#### Exercise data:
──────

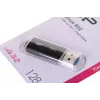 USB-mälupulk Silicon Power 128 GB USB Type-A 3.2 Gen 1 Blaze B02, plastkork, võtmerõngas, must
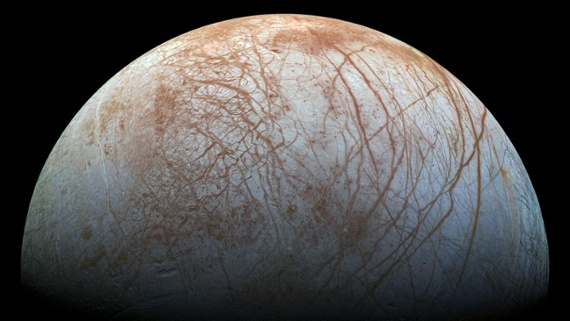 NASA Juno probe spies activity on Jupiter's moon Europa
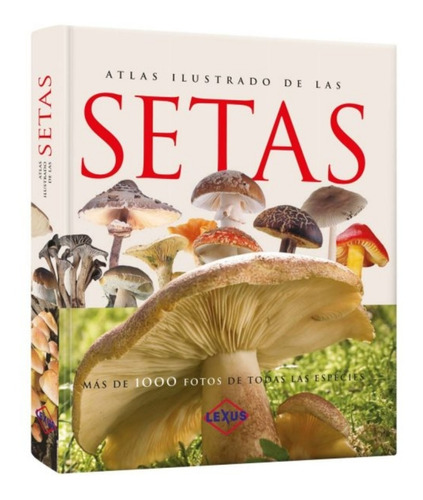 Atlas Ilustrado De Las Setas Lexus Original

──────

#### Task directions:
Restate the material word for word; no picture should appear in the copy.

#### Expected answer:
 USB-mälupulk Silicon Power 128 GB USB Type-A 3.2 Gen 1 Blaze B02, plastkork, võtmerõngas, must
 NASA Juno probe spies activity on Jupiter's moon Europa
 Atlas Ilustrado De Las Setas Lexus Original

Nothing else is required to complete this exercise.